Hello there :)) Today am gonna walk through all Apprentice labs that relate to Broken access control on port swigger , Lets go for it fellas 😎 .
First Lab : Unprotected admin functionality:
As we can see , The lab title says ( Unprotected admin functionality ) which means there's a specific functionality isn't well protected , this happens often in real life scenarios , It's a mistake that some developers can leave behind , which can lead to broken access control vulnerabilities .
As I mentioned previously in my labs and machines, I usually check the client-side source code, because some developers might leave mistakes behind, which can lead to the disclosure of sensitive information. But here, I found nothing interesting frankly :( so let's move to the next step.
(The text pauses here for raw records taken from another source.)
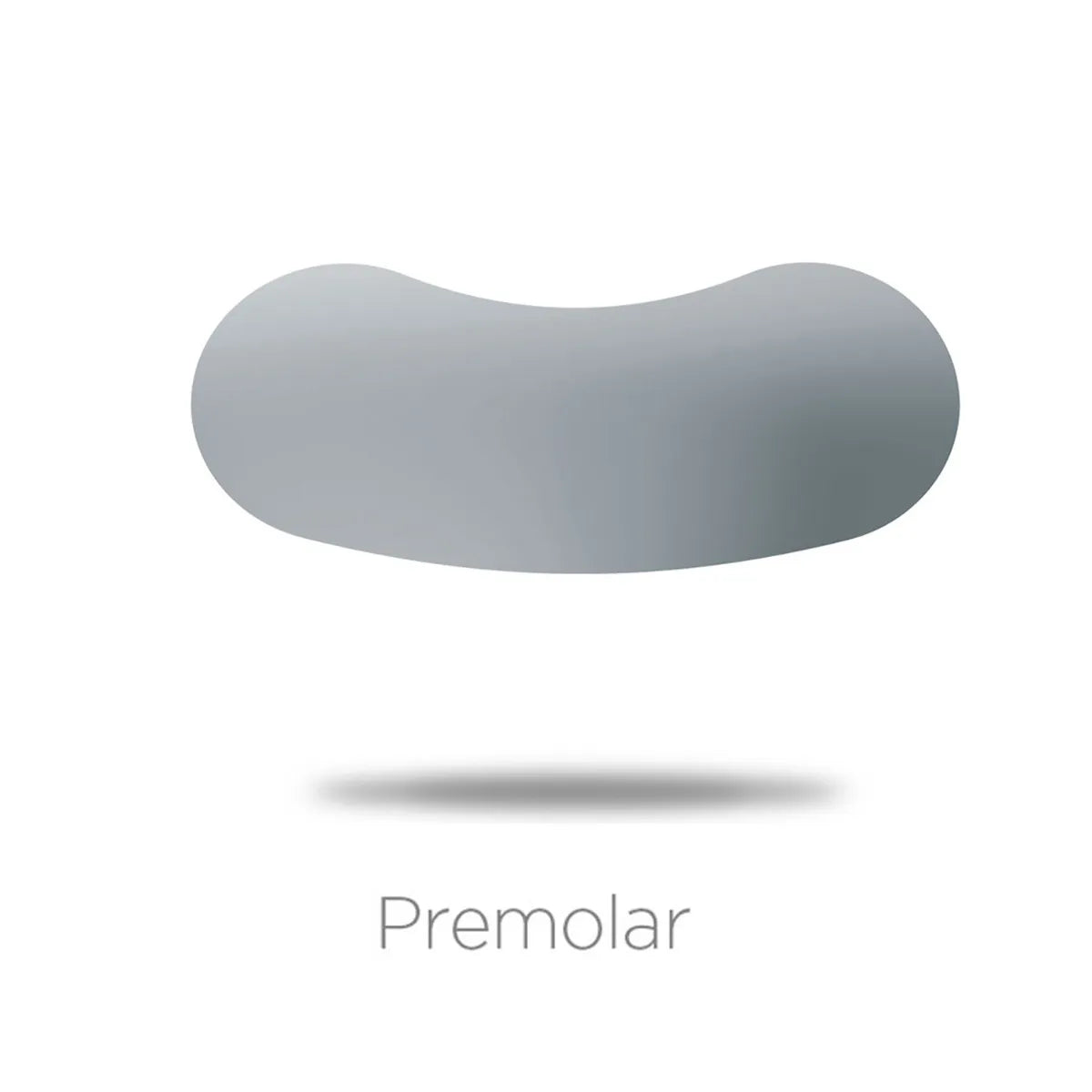 Beetle Dental QuickmatFLEX sectional matrices premolar shape stainless steel contour matrix for tooth restoration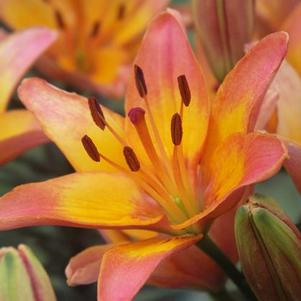 Lilium 'Tango Passions Ladylike' Lilium 'Tango Passions Ladylike'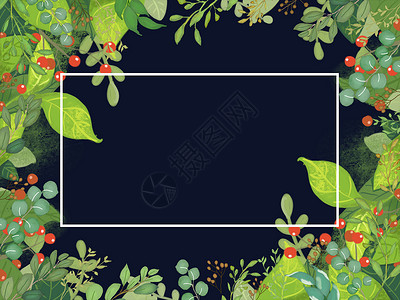 女生节花框装饰热带植物背景插画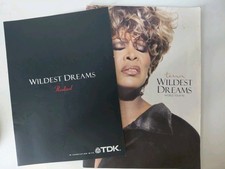 Tina Turner Wildest Dream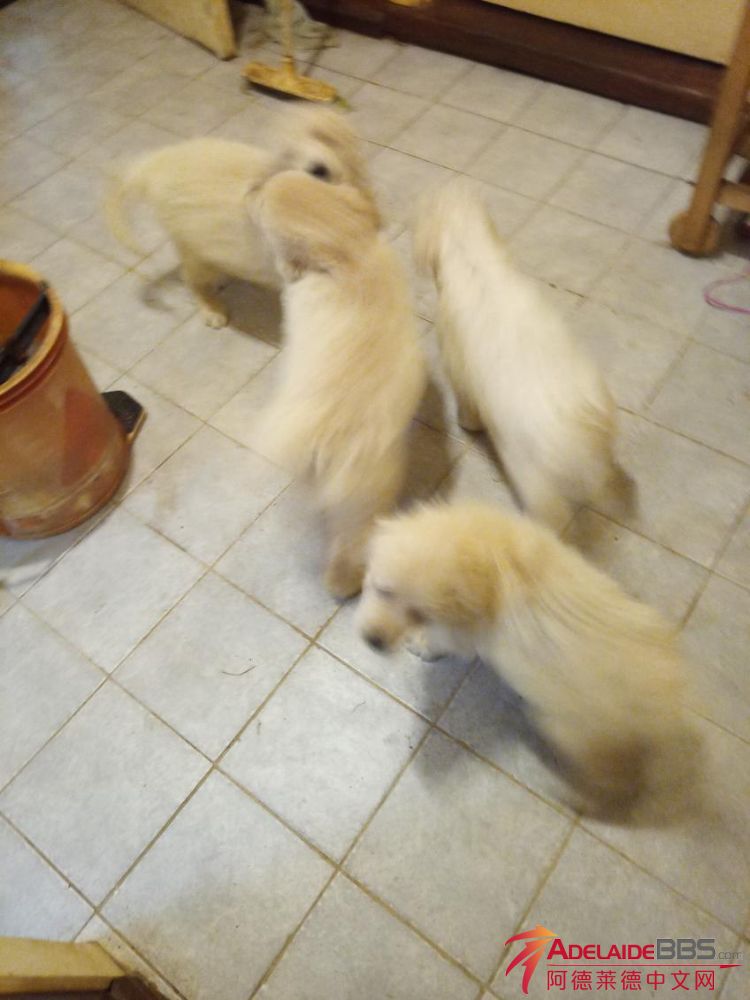 image000002.jpeg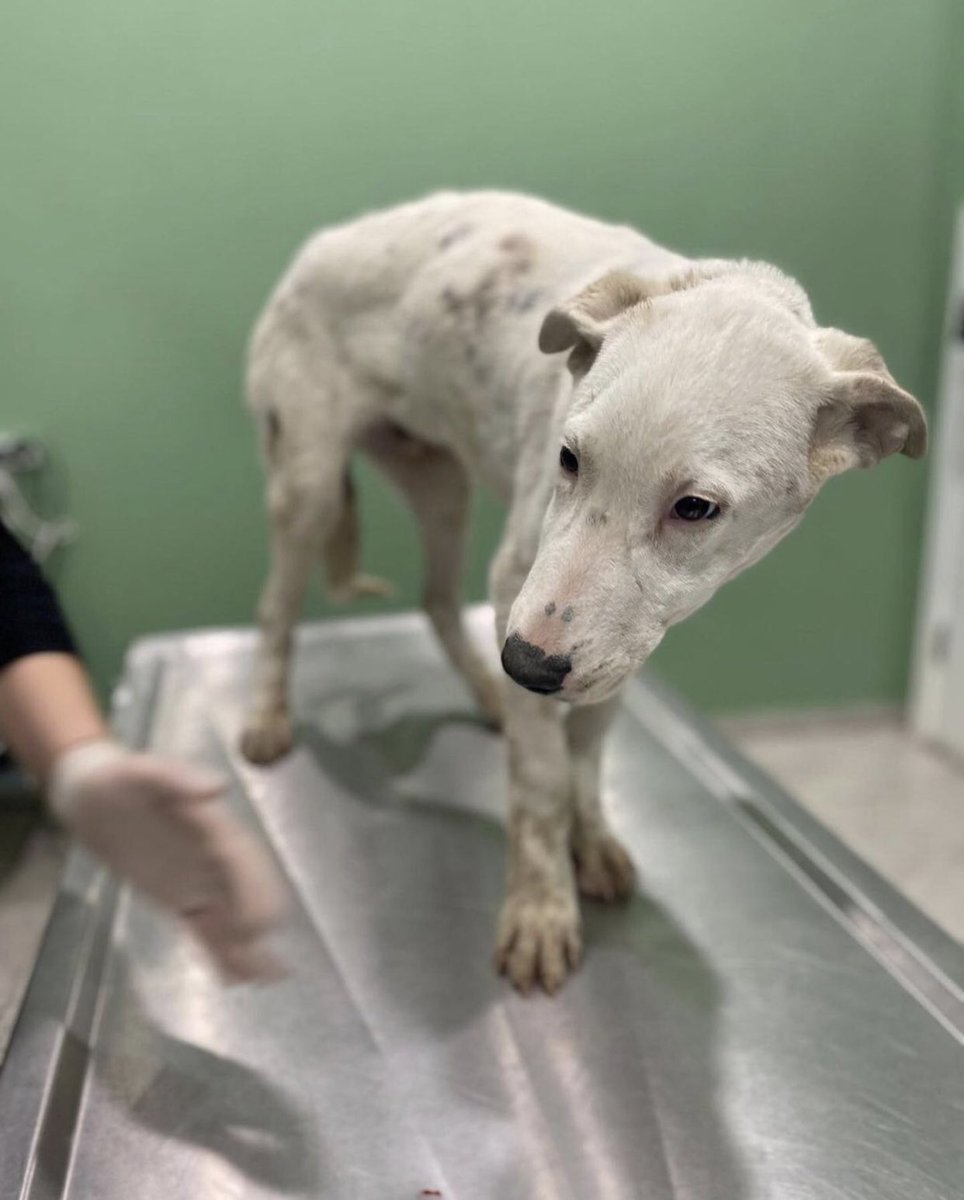 T4Animals 🐘🦁🦒🐅🦊🦔🐻 on Twitter "RT Iza_2021 🆘Bliss 8 months old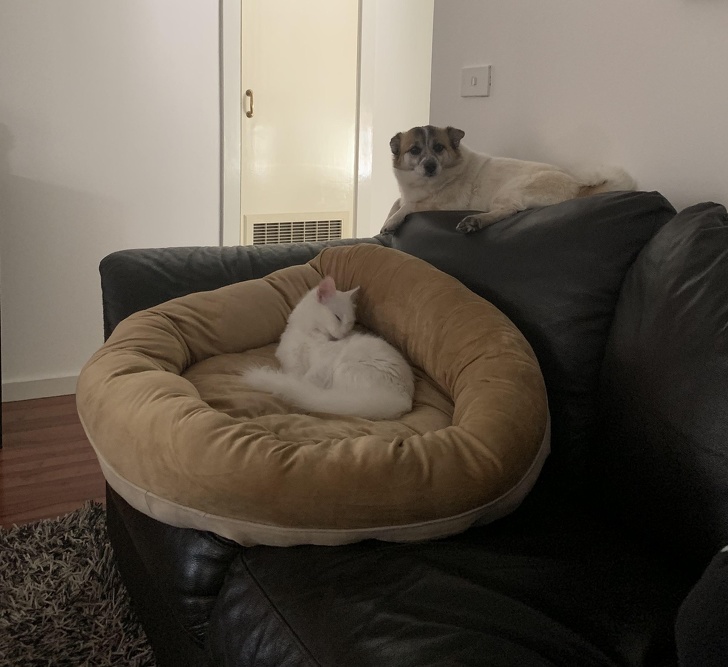 házikedvencek nem ismerik a tilost10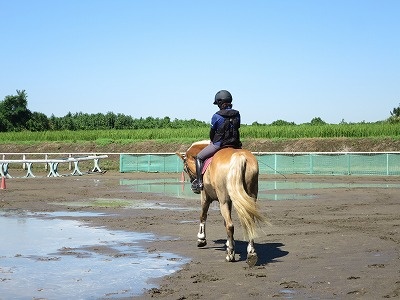 馬とコミュニケーション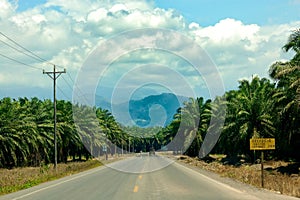 Vulcano Arenal, Costa Rica photo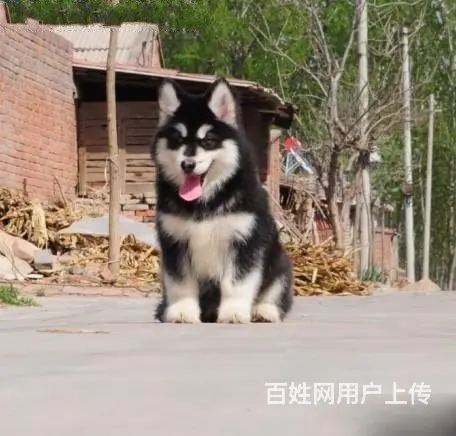 辽阳哪儿有纯种阿拉斯加出生，纯种阿拉斯加价位表 - 图片 7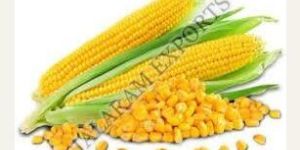 Yellow Maize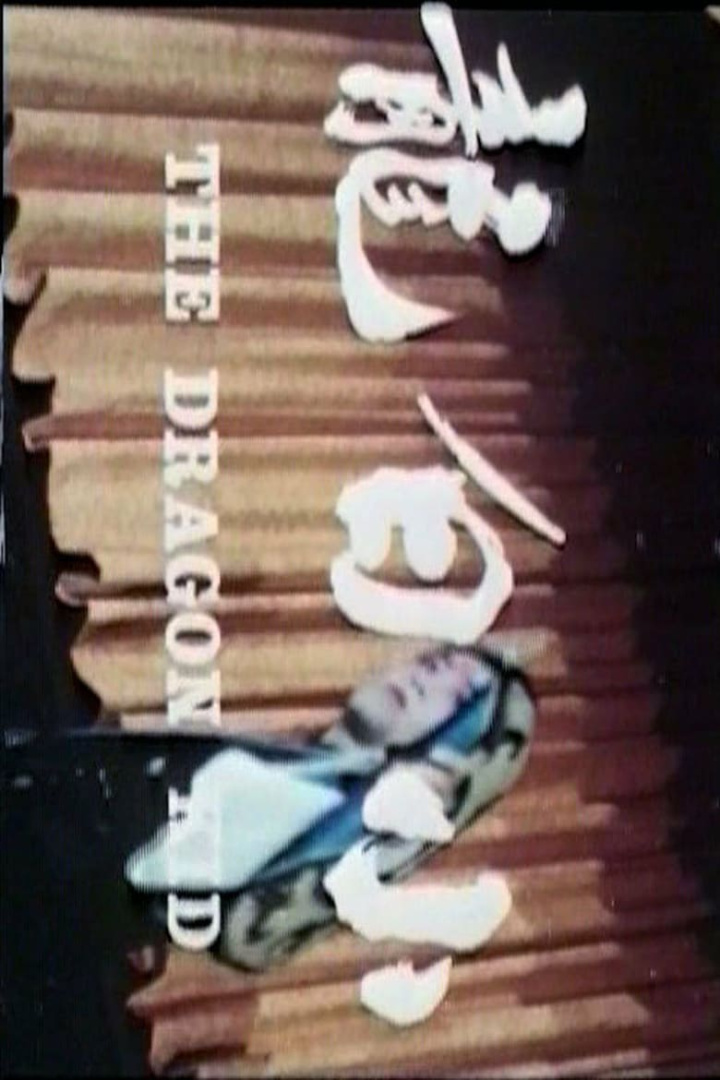 The Dragon Kid i gruppen Alla filmer hos Mohamad shop (481397)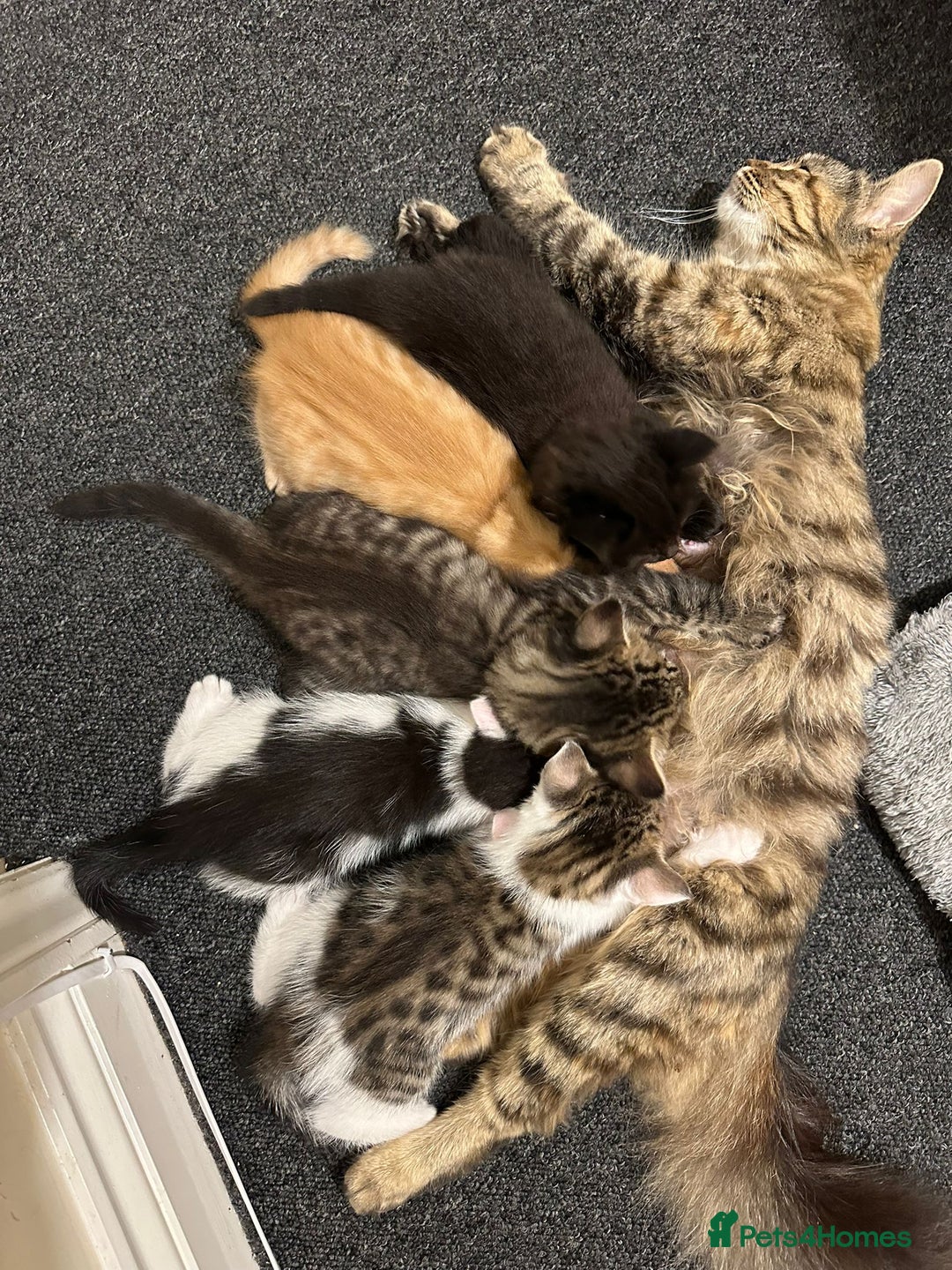 Mixed Breed cats for sale: For Sale: 5 Adorable Male Kittens 🐾 - Image 4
Not bad at all , The second step was to brute-force the directories which's can reveal , where's that functionality could be , we found robots.txt was there , let's check it out :)
Boom , I guess we found that broken functionality , now let's see what can we do about it :)
Well, that was easy :) We found the broken and unprotected functionality, which can also be found in real environments. So never forget to enumerate well, because just by enumerating, you can find lots of sensitive data before even exploiting anything. In some cases like this, you can control a critical function just by looking around :) Now let's delete our usual targeted user > Carlos 😂
First lab , Done :))
— — — — — — — — — — — — — — — — — — — — — — — — — — — — — — — — — — — — — —
Second Lab : Unprotected admin functionality with unpredictable URL
Well , normal page as usual :)) now lets preform our usual first step , which is checking the client-side source code
Wow , this time was fast , our usual look to the source code brought some results :)) we could find the admin panel functionality inside the source code :)) now let's check , what's inside
Well , that was fine :) never forget to check the client-side source code , cuz it might be a disaster , if it contains a sensitive data .
— — — — — — — — — — — — — — — — — — — — — — — — — — — — — — — — — — — — — -
Third Lab : User role controlled by request parameter
Now , This time the lab is different , cuz the lab provided us already with the directory , that includes the admin functionality , and the lab provided us with ( wiener & peter ) credentials as well .
Here's the trick XD the Lab did provide us , with the directory , but of course it won't be that easy lol , they enforced a protection on this directory ,so the administrator only can access it , therefore , we gonna try to figure out , how can we change our current user to the administrator , so we can access this directory and controlling it .
Let's try to log in with our current credentials , that belongs to wiener .
First step , let's give it a try to replace > wiener with carlos , it might lead to horizontal privilege escalation in some real cases :)
It didn't work XD , no problem , it redirected us again to the login page , no problem , let's try harder :)
I have tried to intercept the update email functionality , to check , if it gonna show something interesting , but I got something wasn't excepted , which's a parameter , that controls the user role :)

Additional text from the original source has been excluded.